Une fois encore, Chloé Wary vise juste grâce à son regard honnête dénué de pathos, bien que Rosigny Zoo, pour ses multiples sujets sociologiques, aurait mérité de s’étendre. Qu’importe (ou tant pis). Comme à son habitude, elle souligne son histoire d’une palette qui claque comme un gros son de rap, au surréalisme assumé avec ses ciels orange striés de jaune et de rose. «Les couleurs au feutre, c’est le filtre entre la vraie vie et l’imaginaire», dit-elle encore. Ce qui ne l’empêche pas d’être au plus près de l’effervescence des battles, de cette énergie fédératrice à fleur de lino, de ces rêves, aussi, qui se matérialisent dans l’arène.
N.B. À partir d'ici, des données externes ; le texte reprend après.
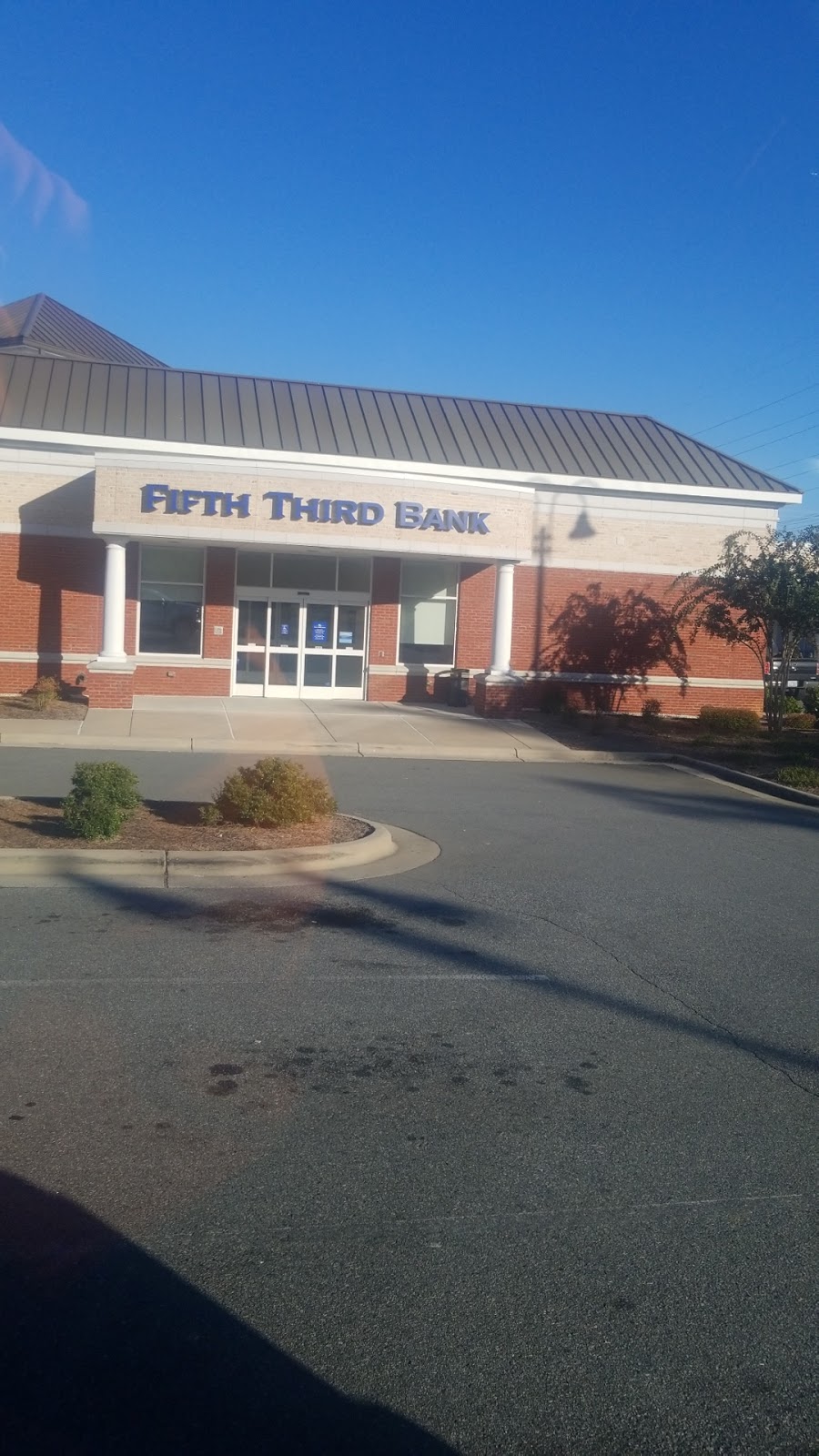 Fifth Third Bank & ATM | 606 S Main St, Kannapolis, NC 28081, USA | Phone: (704) 933-1193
Celle où les «fauves» se sentent totalement libres.
Rosigny Zoo, de Chloé Wary.
Éditions FLBLB.
La misère est si belle, zoo
L’histoire
À Rosigny, en prévision des «Olympiades 2K24», la mairie expulse et reconstruit à la va-vite sans se préoccuper de reloger l’association Cœur 2 cité, qui se retrouve à organiser des battles de break au «zoo», dernière zone encore en friche. Gaby, étudiante en sociologie, y retrouve ses amis d’enfance : Okmé, Will et Suzanna. Cette banlieue en train de changer va-t-elle les coincer pour le reste de leur vie ou faire exploser leurs liens?